Но в этом же веке парижане столкнутся с разрушениями и смертью в неслыханных ранее масштабах. Один из крупнейших мыслителей, основоположник мифа об истории Парижа Жюль Мишле вспоминал, что в 1800-х годах, во времена его детства, столичные улицы пахли трупами и гнилым мясом, и казалось, если покрепче топнуть по брусчатке ногой, из-под нее выступит кровь. Но в течение грядущих ста лет на улицах города вновь прольется кровь рядовых парижан, вовлеченных в смертельный круг мятежей и реакции, громко именуемый революцией; кровь, которую абсолютно не принимают во внимание продажные политиканы, жаждущие отмщения аристократы и амбициозные шарлатаны. Век девятнадцатый принес расцвет технического прогресса, но также был веком, когда сохранение имущества и капитала требовало жестких и порой оскорбительных методов, игнорирующих интересы и будничную жизнь простых горожан. Тяжелые кризисные ситуации того времени включают не только кровавые мятежи под лозунгами свободы, равенства и братства, но и бурное развитие новых сил, исподволь управляемых политиканами и власть предержащими. И силы эти довольно быстро вышли из-под контроля.
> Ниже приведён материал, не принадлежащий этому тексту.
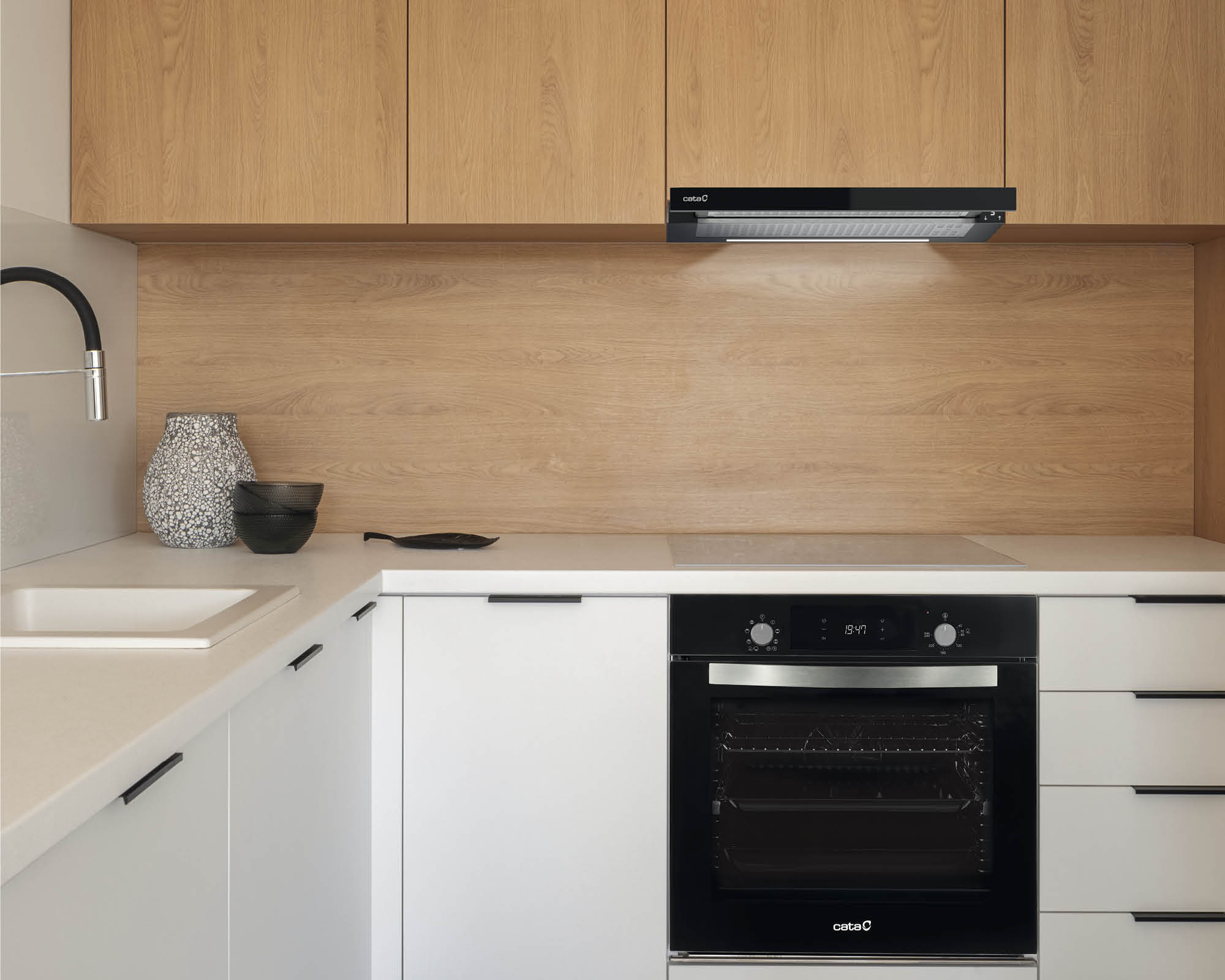 Cocina moderna con armarios blancos, salpicadero de madera y horno y campana negros. Decoración en la encimera.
События в Париже девятнадцатого века притягивают внимание историков, историографов и критиков. Карл Маркс разглядел в Париже того времени воплощение борьбы прогресса и свободы, которая, как он считал, является самой сутью истории французской столицы. «Итак, о Париже, старинном университетском и философском центре и новой столице нового мира, — писал товарищу двадцатипятилетний Маркс, впервые приехавший в мегаполис. — Париж — это нервный узел европейской истории, периодически заставляющий вздрагивать весь мир».
Другой немец, живший и писавший в Париже 1930-х годов, — Вальтер Беньямин (кстати, ярый поклонник марксизма), посвятил сотни страниц расшифровке городских тайн XIX века. Идея его исследования состояла в отслеживании трансформаций географических и исторических объектов города на фоне будничной жизни. Беньямин утверждал, что только в жизни простых горожан, действующих в рамках окружающей их столичной среды, можно наблюдать отблески временного континуума. Когда же замечаешь или переживаешь этот континуум, продолжает Беньямин, Париж XIX века открывается во всей полноте и богатстве человеческой истории.
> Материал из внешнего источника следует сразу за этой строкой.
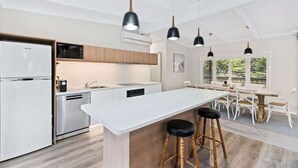 Une cuisine moderne dotée d’un îlot central, de tabourets de bar et de luminaires suspendus.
Ученые, изучающие Париж тех времен, зачастую бывают шокированы яростью насилия, которое с революционных дней 1830–1848 годов и до Коммуны 1870 года, сопровождаясь призывами к справедливости, опалило огнем пожаров городские улицы, взорвало их будни стрельбой и покрыло мостовые трупами. То была эра заговорщиков, памфлетистов и фанатиков-утопистов. Политическое насилие было таким же интенсивным, как и капитализация, захватившая городские банки, предприятия, театры, бордели и кабаре. Слияние этих двух сил и привело Париж к славной и ужасной эпохе.
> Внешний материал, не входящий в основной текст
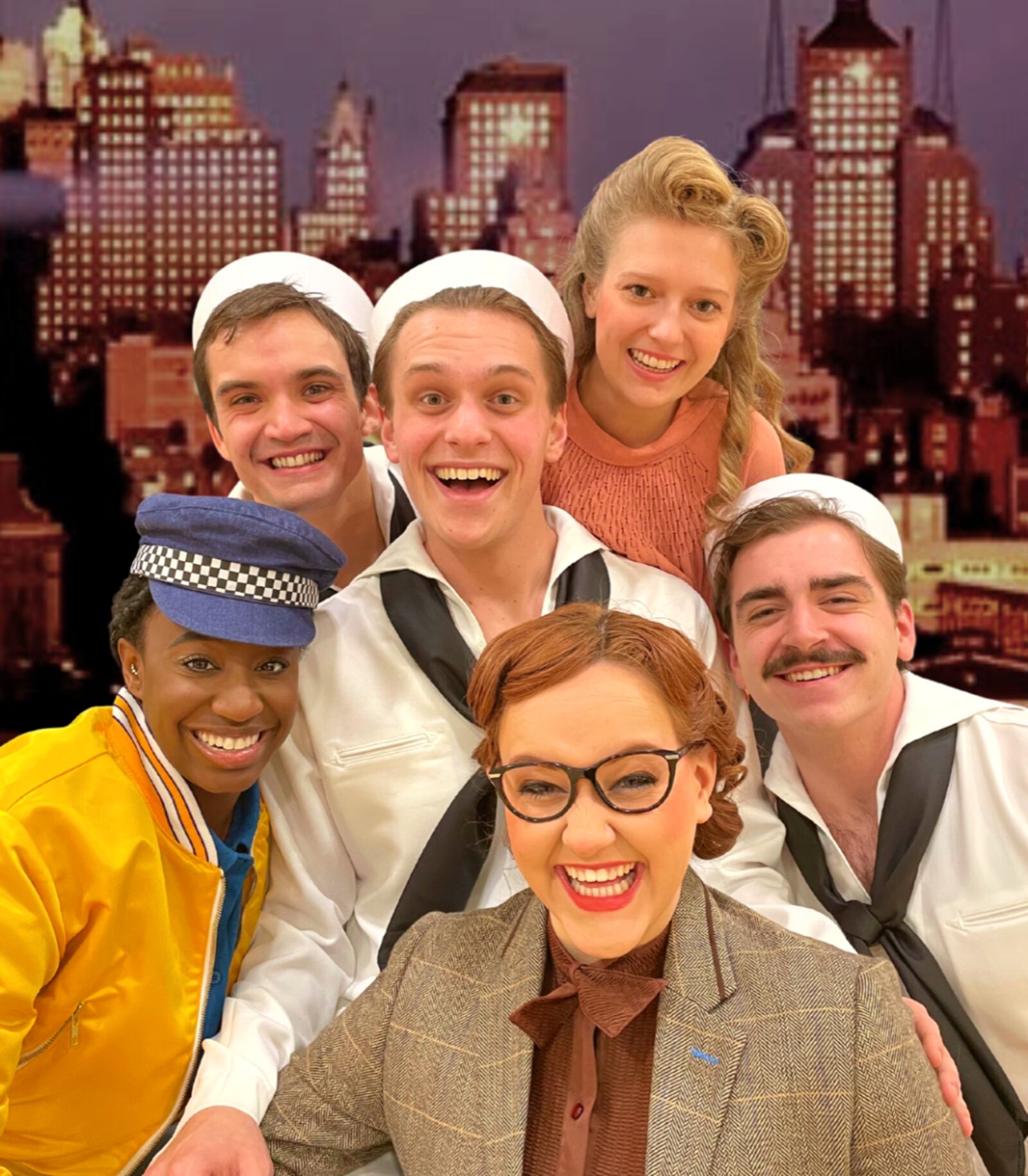 Tanner Gleeson (Gabey), center, (clockwise from upper right) Amy VanDyke (Ivy Smith), John Cuozzo (Ozzie), Melissa Matarrese (Claire de Loone) and Trinity Woolf (Hildy Esterhazy) in Wright State University's production of "On the Town." PHOTO BY WRIGHT STATE THEATRE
К 1800 году парижане устали от войн, революций и политики вообще. Они просто хотели работать, есть и жить в удобном, политически стабильном городе — именно этого так не хватало Парижу начала XIX столетия. С 1790-х годов французская республика страдала от множества недугов. Изнутри она подтачивалась контрреволюционерами, которые успели довести Бретань до мятежа, а снаружи ей приходилось сталкиваться с враждебным отношением Европы к идеям и практике революции. Экономика страны разваливалась, продовольствие в столицу поставлялось нерегулярно, а в провинциях хозяйничали разбойничьи шайки, убивавшие всех без разбору. В городах Франции, в первую очередь в Париже, плелись заговоры, множились доносы, росло число заказных убийств. Даже когда террор ослабевал, жизнь оставалась трудной. Существование республики не раз висело на волоске, при том что обыватели возмущались исключительно нехваткой продовольствия, произволом и вспышками насилия.